Classification Under Ambiguity: When Is Average-K Better Than Top-K?
This addresses the issue of low precision in multi-label classification for ambiguous cases, though it is incremental as it builds on existing top-K methods.
The paper tackles the problem of classification under label ambiguity by proposing average-K classification, an adaptive strategy that varies the number of labels returned based on ambiguity, and shows it achieves lower error rates than fixed top-K classification in experiments on real-world image datasets.
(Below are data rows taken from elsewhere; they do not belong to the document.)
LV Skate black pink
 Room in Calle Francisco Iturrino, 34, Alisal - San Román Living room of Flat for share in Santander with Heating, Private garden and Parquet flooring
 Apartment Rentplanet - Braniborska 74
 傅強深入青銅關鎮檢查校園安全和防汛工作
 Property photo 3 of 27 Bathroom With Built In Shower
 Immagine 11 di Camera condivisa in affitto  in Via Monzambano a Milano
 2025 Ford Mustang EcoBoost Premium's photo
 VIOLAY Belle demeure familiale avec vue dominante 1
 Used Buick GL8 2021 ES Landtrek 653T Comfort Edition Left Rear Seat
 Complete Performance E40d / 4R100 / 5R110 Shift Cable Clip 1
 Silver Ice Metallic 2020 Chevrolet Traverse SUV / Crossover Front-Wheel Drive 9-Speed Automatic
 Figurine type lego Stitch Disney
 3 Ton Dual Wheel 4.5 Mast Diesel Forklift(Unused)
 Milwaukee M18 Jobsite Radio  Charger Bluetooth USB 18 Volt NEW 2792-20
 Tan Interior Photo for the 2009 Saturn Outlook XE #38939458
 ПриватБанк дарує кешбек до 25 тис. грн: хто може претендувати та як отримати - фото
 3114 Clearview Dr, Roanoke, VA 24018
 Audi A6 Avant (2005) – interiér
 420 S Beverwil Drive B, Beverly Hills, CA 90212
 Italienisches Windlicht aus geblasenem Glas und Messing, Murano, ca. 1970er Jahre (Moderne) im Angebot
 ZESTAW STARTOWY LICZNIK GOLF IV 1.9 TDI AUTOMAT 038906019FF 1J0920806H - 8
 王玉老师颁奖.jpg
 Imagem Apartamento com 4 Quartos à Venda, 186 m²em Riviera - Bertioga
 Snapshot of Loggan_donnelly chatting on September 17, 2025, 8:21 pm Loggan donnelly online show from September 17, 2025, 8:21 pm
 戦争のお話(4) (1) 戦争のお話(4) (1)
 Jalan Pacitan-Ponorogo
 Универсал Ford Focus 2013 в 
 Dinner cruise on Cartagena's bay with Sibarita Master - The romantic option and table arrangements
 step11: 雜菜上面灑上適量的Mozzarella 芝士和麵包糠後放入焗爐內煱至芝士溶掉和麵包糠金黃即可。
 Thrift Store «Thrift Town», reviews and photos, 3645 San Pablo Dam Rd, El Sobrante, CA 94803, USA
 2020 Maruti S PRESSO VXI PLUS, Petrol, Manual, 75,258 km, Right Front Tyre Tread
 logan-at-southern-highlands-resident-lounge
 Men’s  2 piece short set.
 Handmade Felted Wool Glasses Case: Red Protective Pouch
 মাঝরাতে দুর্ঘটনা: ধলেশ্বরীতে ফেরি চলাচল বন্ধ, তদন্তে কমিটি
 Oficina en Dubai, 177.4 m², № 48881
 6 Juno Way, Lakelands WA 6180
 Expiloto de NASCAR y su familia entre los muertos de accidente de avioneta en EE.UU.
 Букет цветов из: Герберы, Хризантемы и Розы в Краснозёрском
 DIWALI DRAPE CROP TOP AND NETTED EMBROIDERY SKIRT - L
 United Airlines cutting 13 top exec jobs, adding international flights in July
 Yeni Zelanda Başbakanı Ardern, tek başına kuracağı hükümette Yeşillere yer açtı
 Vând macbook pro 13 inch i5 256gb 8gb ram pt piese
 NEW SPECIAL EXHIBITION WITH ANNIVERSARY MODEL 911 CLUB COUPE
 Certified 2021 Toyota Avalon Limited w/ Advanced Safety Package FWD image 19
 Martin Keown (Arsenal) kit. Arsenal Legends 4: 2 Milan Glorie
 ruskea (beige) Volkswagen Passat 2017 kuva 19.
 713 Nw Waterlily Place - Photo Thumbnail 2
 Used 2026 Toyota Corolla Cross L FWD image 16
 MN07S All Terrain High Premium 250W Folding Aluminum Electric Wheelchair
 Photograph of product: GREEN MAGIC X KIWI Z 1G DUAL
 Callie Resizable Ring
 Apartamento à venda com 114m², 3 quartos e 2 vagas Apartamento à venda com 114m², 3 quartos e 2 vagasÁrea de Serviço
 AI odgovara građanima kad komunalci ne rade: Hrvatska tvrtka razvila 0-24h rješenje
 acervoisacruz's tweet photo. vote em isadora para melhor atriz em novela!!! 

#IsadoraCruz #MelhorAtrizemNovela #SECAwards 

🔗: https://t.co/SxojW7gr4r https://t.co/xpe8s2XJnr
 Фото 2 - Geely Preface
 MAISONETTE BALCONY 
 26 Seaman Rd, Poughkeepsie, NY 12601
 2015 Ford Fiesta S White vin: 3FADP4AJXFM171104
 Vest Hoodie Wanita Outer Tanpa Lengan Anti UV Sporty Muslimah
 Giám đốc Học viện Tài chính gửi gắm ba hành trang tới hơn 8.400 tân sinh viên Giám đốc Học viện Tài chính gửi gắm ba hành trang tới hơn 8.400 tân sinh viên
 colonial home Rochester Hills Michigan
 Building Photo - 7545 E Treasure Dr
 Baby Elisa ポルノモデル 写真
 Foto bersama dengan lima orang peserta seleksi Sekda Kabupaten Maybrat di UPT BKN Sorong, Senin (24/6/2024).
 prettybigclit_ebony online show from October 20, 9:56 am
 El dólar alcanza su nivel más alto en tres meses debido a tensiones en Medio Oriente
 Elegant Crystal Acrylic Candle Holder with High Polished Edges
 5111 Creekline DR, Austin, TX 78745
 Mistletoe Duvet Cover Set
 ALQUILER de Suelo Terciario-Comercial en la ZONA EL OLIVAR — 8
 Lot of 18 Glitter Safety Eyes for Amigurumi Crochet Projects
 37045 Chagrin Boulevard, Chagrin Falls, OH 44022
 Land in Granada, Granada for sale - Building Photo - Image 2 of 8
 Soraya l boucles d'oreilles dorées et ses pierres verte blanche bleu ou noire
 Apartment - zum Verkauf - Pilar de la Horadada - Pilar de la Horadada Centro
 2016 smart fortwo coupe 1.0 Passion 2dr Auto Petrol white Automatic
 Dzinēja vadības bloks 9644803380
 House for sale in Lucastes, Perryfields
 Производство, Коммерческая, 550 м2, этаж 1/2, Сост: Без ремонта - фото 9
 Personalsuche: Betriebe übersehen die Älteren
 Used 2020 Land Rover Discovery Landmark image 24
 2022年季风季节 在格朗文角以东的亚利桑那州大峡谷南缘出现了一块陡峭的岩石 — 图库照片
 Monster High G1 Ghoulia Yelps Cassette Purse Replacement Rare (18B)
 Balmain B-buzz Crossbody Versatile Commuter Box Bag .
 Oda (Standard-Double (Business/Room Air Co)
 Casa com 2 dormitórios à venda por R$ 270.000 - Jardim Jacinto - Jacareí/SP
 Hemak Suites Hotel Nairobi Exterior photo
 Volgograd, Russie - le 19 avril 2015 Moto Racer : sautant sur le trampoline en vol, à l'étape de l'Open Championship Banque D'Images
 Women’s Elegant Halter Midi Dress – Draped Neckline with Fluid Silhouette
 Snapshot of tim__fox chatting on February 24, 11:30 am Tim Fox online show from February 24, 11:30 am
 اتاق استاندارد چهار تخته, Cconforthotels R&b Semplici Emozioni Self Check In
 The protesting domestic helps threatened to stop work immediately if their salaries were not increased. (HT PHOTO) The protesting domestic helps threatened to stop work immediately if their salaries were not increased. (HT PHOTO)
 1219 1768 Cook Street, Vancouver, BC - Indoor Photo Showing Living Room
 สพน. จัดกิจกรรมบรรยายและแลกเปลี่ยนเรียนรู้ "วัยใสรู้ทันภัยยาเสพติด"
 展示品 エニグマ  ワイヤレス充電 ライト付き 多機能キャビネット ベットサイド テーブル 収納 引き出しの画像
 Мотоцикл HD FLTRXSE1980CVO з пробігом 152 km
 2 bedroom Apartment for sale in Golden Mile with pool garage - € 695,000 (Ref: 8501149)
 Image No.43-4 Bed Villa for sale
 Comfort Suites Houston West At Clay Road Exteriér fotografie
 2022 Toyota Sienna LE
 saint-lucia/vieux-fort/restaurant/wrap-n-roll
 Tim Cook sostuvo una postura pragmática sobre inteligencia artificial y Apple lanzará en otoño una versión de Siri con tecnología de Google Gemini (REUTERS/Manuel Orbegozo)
When many labels are possible, choosing a single one can lead to low precision. A common alternative, referred to as top-$K$ classification, is to choose some number $K$ (commonly around 5) and to return the $K$ labels with the highest scores. Unfortunately, for unambiguous cases, $K>1$ is too many and, for very ambiguous cases, $K \leq 5$ (for example) can be too small. An alternative sensible strategy is to use an adaptive approach in which the number of labels returned varies as a function of the computed ambiguity, but must average to some particular $K$ over all the samples. We denote this alternative average-$K$ classification. This paper formally characterizes the ambiguity profile when average-$K$ classification can achieve a lower error rate than a fixed top-$K$ classification. Moreover, it provides natural estimation procedures for both the fixed-size and the adaptive classifier and proves their consistency. Finally, it reports experiments on real-world image data sets revealing the benefit of average-$K$ classification over top-$K$ in practice. Overall, when the ambiguity is known precisely, average-$K$ is never worse than top-$K$, and, in our experiments, when it is estimated, this also holds.